Sunday, April 20, 2008

Real Estate Short Sales- What You Need To Know

Real Estate Short Sales- What You Need To Know
With the economy how it is and the amount of houses going
up for foreclosure everyday it is important to know your
options. One option that is available is to short sale your
house.

Below you will find all you need to know about this great
option.

A real estate short sale is when the bank or mortgage
lender agrees to discount your loan balance because of an
economic hardship that you are facing. What happens is you
sell your mortgaged property for less than you owe on the
loan, and turn the money over to the lender which will
fulfill your debt.

In some situations though the lender has the right to
approve or disapprove of the sale. Some of those situations
are if the current real estate market is down, the lender
will not approve the sale because they will make less money
than they could. Also, depending on your personal financial
situation, the lender may not approve the sale.

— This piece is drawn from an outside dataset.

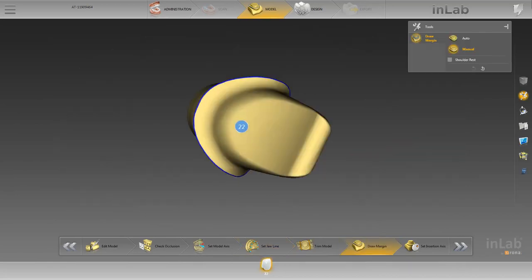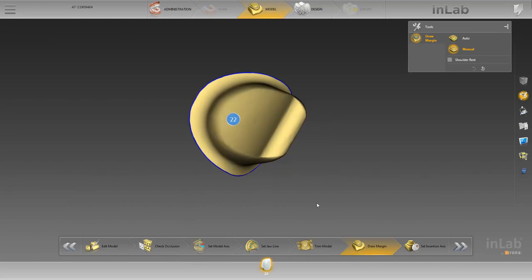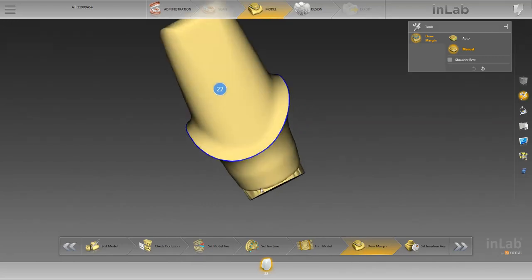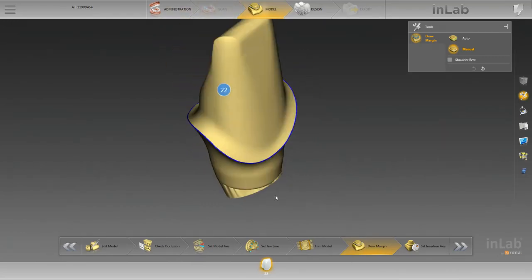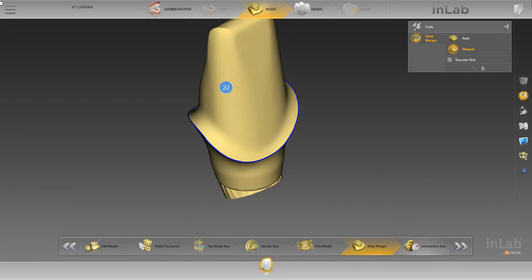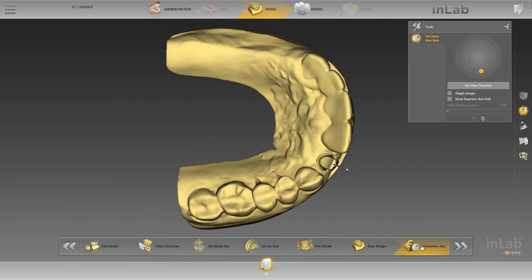We briefly check the preparation margin that has already been defined, and switch to the last step of the model phase, set insertion axis. Since we won't make any changes to the automatically defined insertion axis, we go on with the next phase, the design phase.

The reason many choose to do a short sale is because it
prevents a home foreclosure. Typically these sales result
in a smaller financial loss than a foreclosure which is why
many banks consider this a good option. The advantages to a
home owner are the fact that these sales are quicker and
less expensive than a foreclosure, and many do not want a
foreclosure on their credit history.

Lenders have a department, called a loss mitigation
department, where all potential short sale transactions are
processed. This department typically does not allow this
form of sale until a Notice of Default has been issued or
recorded where the property is located. Before the sale the
lenders have to approve of any listing agent's or buyer's
commission, which is one of the main reasons that
non-brokered short sales with a facilitator save on the
margin.

Depending lender, you may face a higher tolerance for short
sales and mitigated losses. Some lenders have
pre-determined criteria for these types of transactions but
distressed lenders will usually allow any reasonable offer,
after a loss mitigator approves. You may need to get
approval from several people, such as junior liens, for
second mortgages, HELOC lenders, and HOA, special
assessment liens.

Real estate short sale is a much better idea than
foreclosure because it will not hurt your credit report as
much, it will save you a lot of time and money, and many
lenders would rather a foreclosure whenever possible.